(Beginning of Data section)
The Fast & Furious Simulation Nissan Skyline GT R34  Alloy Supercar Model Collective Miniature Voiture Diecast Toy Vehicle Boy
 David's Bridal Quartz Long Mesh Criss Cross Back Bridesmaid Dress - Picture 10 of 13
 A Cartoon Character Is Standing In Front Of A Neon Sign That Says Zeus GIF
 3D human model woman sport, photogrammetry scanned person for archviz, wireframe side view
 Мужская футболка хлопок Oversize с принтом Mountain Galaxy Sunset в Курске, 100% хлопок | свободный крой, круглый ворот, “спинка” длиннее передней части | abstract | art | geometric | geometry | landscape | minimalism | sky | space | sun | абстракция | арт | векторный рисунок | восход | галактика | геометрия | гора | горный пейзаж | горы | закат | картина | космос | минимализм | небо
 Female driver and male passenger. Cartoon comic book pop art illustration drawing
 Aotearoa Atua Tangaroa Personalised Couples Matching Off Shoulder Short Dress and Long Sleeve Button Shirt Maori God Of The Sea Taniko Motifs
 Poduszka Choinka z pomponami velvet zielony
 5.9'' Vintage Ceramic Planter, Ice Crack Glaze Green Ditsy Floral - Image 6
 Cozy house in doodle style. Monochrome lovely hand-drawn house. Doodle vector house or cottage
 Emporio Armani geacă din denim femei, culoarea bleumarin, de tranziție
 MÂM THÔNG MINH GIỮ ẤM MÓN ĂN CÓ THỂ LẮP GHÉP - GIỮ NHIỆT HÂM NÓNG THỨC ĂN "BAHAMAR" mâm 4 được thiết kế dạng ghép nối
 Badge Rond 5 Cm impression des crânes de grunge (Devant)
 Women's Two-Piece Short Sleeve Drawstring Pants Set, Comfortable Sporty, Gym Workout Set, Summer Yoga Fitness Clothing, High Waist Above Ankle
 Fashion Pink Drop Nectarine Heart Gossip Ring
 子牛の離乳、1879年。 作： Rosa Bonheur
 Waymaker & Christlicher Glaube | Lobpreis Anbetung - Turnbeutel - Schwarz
(End of Data section)
* What to work on:
Copy out the data in full, exactly.

* Solution to the problem:
The Fast & Furious Simulation Nissan Skyline GT R34  Alloy Supercar Model Collective Miniature Voiture Diecast Toy Vehicle Boy
 David's Bridal Quartz Long Mesh Criss Cross Back Bridesmaid Dress - Picture 10 of 13
 A Cartoon Character Is Standing In Front Of A Neon Sign That Says Zeus GIF
 3D human model woman sport, photogrammetry scanned person for archviz, wireframe side view
 Мужская футболка хлопок Oversize с принтом Mountain Galaxy Sunset в Курске, 100% хлопок | свободный крой, круглый ворот, “спинка” длиннее передней части | abstract | art | geometric | geometry | landscape | minimalism | sky | space | sun | абстракция | арт | векторный рисунок | восход | галактика | геометрия | гора | горный пейзаж | горы | закат | картина | космос | минимализм | небо
 Female driver and male passenger. Cartoon comic book pop art illustration drawing
 Aotearoa Atua Tangaroa Personalised Couples Matching Off Shoulder Short Dress and Long Sleeve Button Shirt Maori God Of The Sea Taniko Motifs
 Poduszka Choinka z pomponami velvet zielony
 5.9'' Vintage Ceramic Planter, Ice Crack Glaze Green Ditsy Floral - Image 6
 Cozy house in doodle style. Monochrome lovely hand-drawn house. Doodle vector house or cottage
 Emporio Armani geacă din denim femei, culoarea bleumarin, de tranziție
 MÂM THÔNG MINH GIỮ ẤM MÓN ĂN CÓ THỂ LẮP GHÉP - GIỮ NHIỆT HÂM NÓNG THỨC ĂN "BAHAMAR" mâm 4 được thiết kế dạng ghép nối
 Badge Rond 5 Cm impression des crânes de grunge (Devant)
 Women's Two-Piece Short Sleeve Drawstring Pants Set, Comfortable Sporty, Gym Workout Set, Summer Yoga Fitness Clothing, High Waist Above Ankle
 Fashion Pink Drop Nectarine Heart Gossip Ring
 子牛の離乳、1879年。 作： Rosa Bonheur
 Waymaker & Christlicher Glaube | Lobpreis Anbetung - Turnbeutel - Schwarz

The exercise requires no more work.